Trials showed that patients who had the drug with hormone therapy had a more than 30% improved chance of their cancer not coming back after surgery, compared with hormone therapy alone.

“It’s fantastic thousands of women with this type of primary breast cancer will now have an additional treatment option available on the NHS to help further reduce the risk of the disease coming back,” said Delyth Morgan, the chief executive of charity Breast Cancer Now.

“The fear of breast cancer returning or spreading to other parts of their body and becoming incurable can cause considerable anxiety for so many women and their loved ones.

“New effective treatments such as abemaciclib, which can offer more women the chance to further reduce the risk of the disease recurring, are therefore extremely welcome and this is an important step change in the drug options available for this group of patients.”

The twice-a-day pill is suitable for women with hormone receptor-positive, HER2-negative, node-positive early breast cancer at high risk of recurrence who have had surgery. About 4,000 women will benefit initially, Nice said.

Helen Knight, the interim director of medicines evaluation at Nice, said the draft recommendation came less than a month after abemaciclib received its licence.

“The fact that we have been able to produce draft recommendations so quickly is testament to the success of our ambition to support patient access to clinically and cost effective treatments as early as possible,” said Knight. “Until now there have been no targeted treatments for people with this type of breast cancer.

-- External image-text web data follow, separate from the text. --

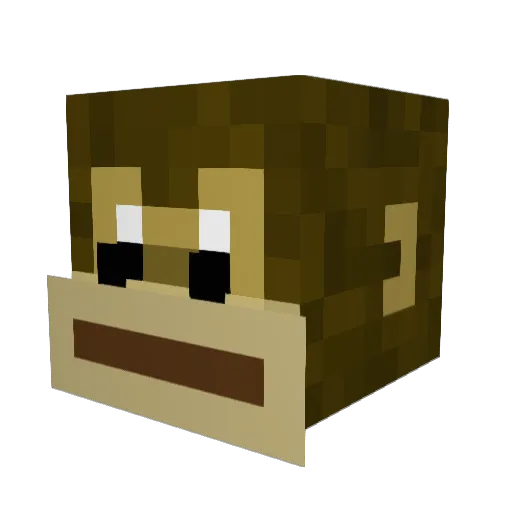 JhonyPT Minecraft avatar head, 3D render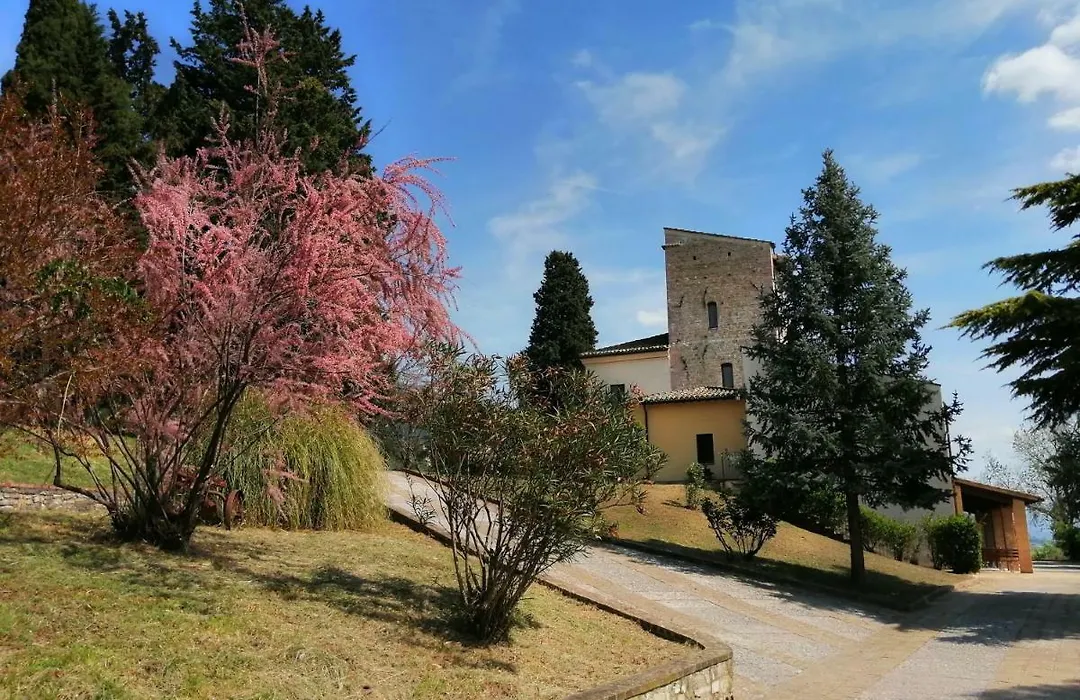 Casa per Ferie Ulivo d'Assisi-1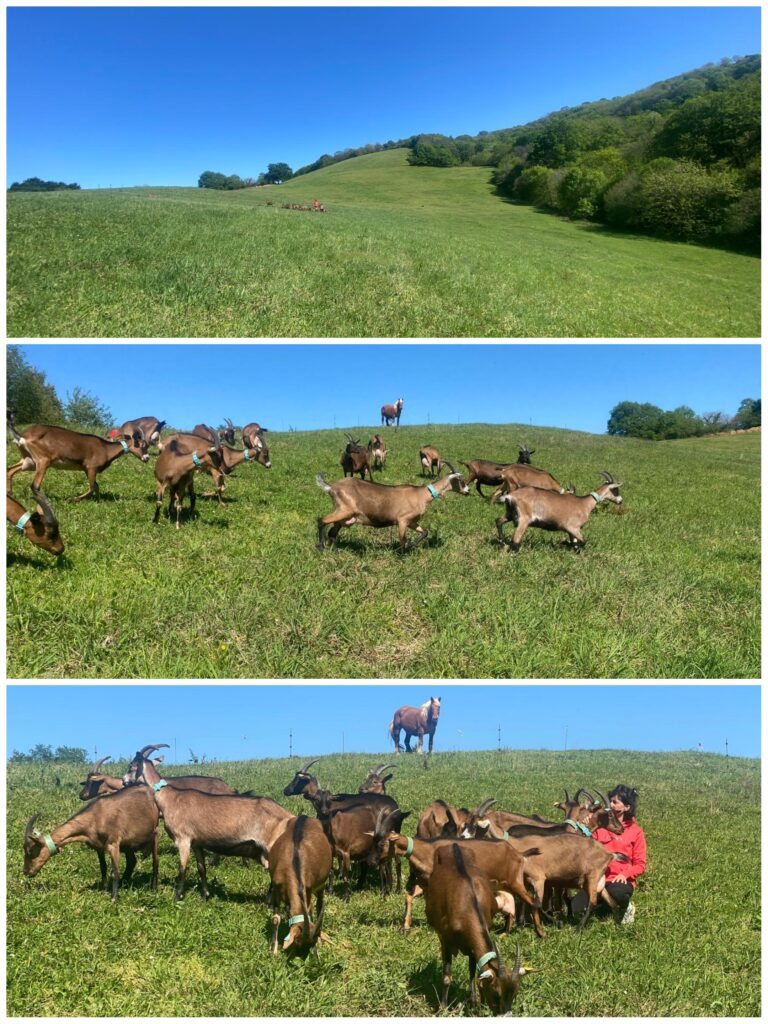 CHèvres au pâturage, à l'herbe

“Abemaciclib with hormone therapy represents a significant improvement in how it is treated because being able to have a targeted treatment earlier after surgery will increase the chance of curing the disease and reduce the likelihood of developing incurable advanced disease.”

Abemaciclib works by targeting and inhibiting proteins in cancer cells which allow the cancer to divide and grow. It normally costs £2,950 for a packet of 56 150mg-tablets, but the manufacturer, Eli Lilly, has agreed an undisclosed discounted price for NHS England.

“Thanks in part to this latest deal struck by NHS England, NHS patients will be able to access another new targeted drug for a common and aggressive form of breast cancer,” said Prof Peter Johnson, the cancer director of NHS England.

“Abemaciclib, when used alongside a hormone therapy, offers a new, doubly targeted, treatment option, helping to increase the chances of beating the cancer for good, as well as meeting the NHS’s commitment to delivering improved cancer care under our long-term plan.”